L’Église ne peut rester immobile au milieu d’un monde en révolution. Les défis sont gigantesques : réintégrer l’Église dans l’État de droit en livrant à la justice non seulement les prêtres pédophiles, mais aussi ceux qui les ont protégés ; revoir la place des femmes, pourtant centrale dans l’Évangile ; ouvrir la prêtrise au-delà du célibat, qui, pour quelques saints authentiques et beaucoup de vocations accomplies, produit nombre de frustrés, dont certains prêts aux pires déviances ; refonder le rapport avec la science, notamment autour de la bioéthique.
Les difficultés de cette réforme sont immenses, car elle doit respecter la permanence du message évangélique, concilier l’universalité de l’Église et la diversité des cultures, ne pas désespérer le clergé, qui a joué un rôle décisif dans l’exceptionnelle longévité du catholicisme depuis sa naissance au sein de l’Empire romain. Tout en se transformant, l’Église doit éviter un nouveau grand schisme. La démarche du pape François cherchant à rendre la parole aux fidèles et critiquant le cléricalisme est assurément salutaire ; elle ne réussira cependant que dans la mesure où il mettra un terme à ses dérapages sur le capitalisme comme cause du djihadisme ou sur la psychiatrie comme remède pour les enfants qui se découvrent homosexuels.

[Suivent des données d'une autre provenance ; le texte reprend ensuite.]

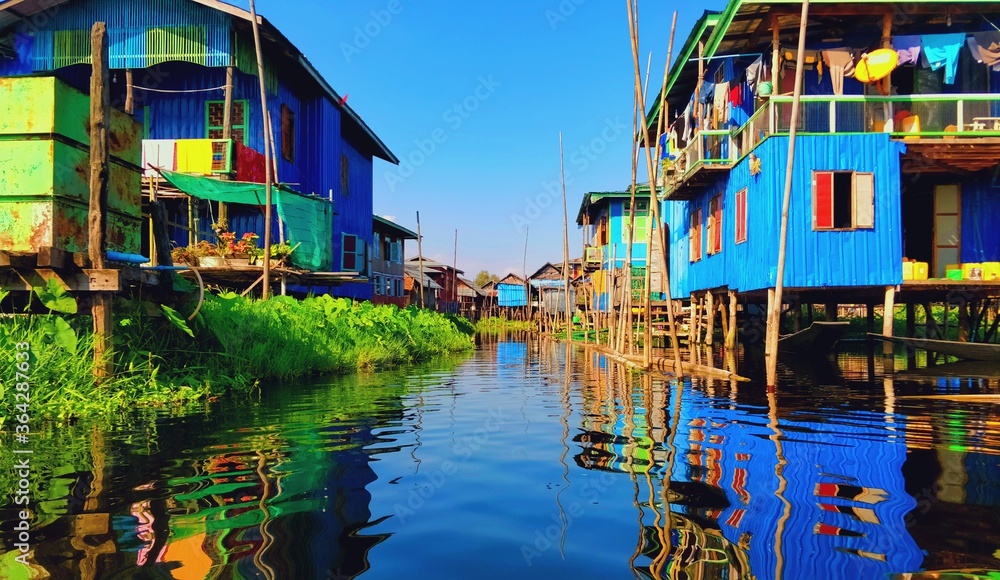 Houses built on a lake held up by bamboo. Inle Lake Myanmar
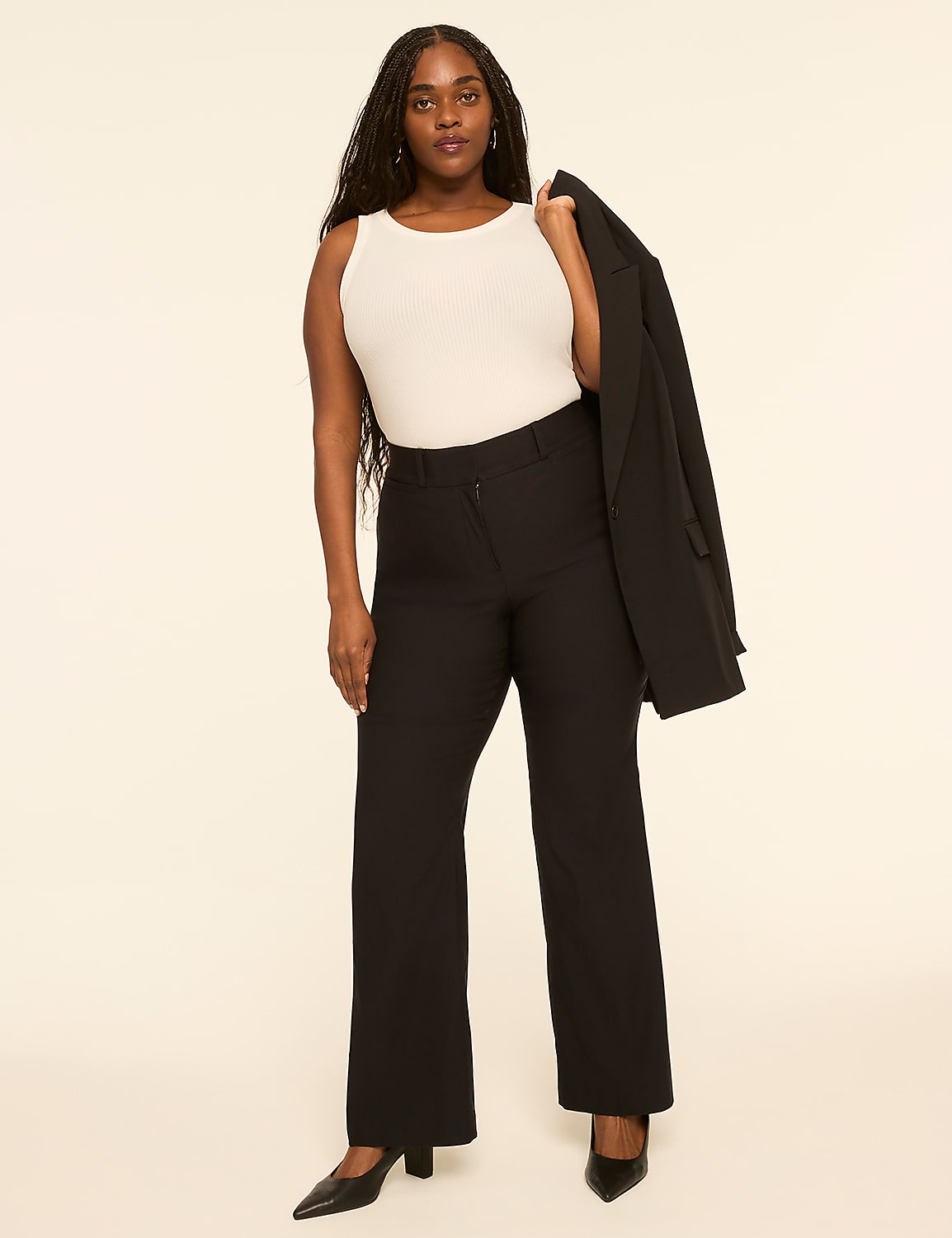 A woman in a white tank top and black pants stands against a plain, light-colored background, holding a black blazer over her shoulder. Product Image 3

La réforme de l’Église intéresse tous les hommes au-delà des catholiques. Le catholicisme a joué un rôle clé dans l’invention de la liberté moderne dans l’Europe des Lumières, comme l’a montré François Furet en éclairant les origines religieuses de la Révolution française. Jean-Paul II fut l’un des artisans de la chute du soviétisme. L’Eglise catholique demeure aujourd’hui l’un des rares refuges de la liberté dans les démocratures, notamment en Chine. La religion constitue une dimension fondamentale de l’existence humaine et contribuera à la survie ou à disparition de la démocratie au XXIe siècle. Soljenitsyne concluait son discours de Harvard, prononcé le 8 juin 1978, dans ces termes visionnaires : « Le monde, aujourd’hui, est à la veille sinon de sa propre perte, du moins d’un tournant de l’Histoire qui ne le cède en rien au tournant du Moyen Âge sur la Renaissance : ce tournant exigera de nous une flamme spirituelle, une montée vers une nouvelle hauteur de vue, vers un nouveau mode de vie où ne sera plus livrée à la malédiction, comme au Moyen Âge, notre nature physique, mais où ne sera pas non plus foulée au pied, comme dans l’ère moderne, notre nature spirituelle. » Le XXIe siècle sera spirituel ou ne sera pas. Et si l’Église catholique n’a plus le monopole de la spiritualité, elle continue à témoigner tant de la dignité de l’homme – dont Benoît XVI rappelait dans son encyclique « Caritas in Veritate » qu’il est « le premier capital à sauvegarder et à valoriser » – que des dangers mortels qu’il court quand il cède à la démesure pour s’idolâtrer lui-même.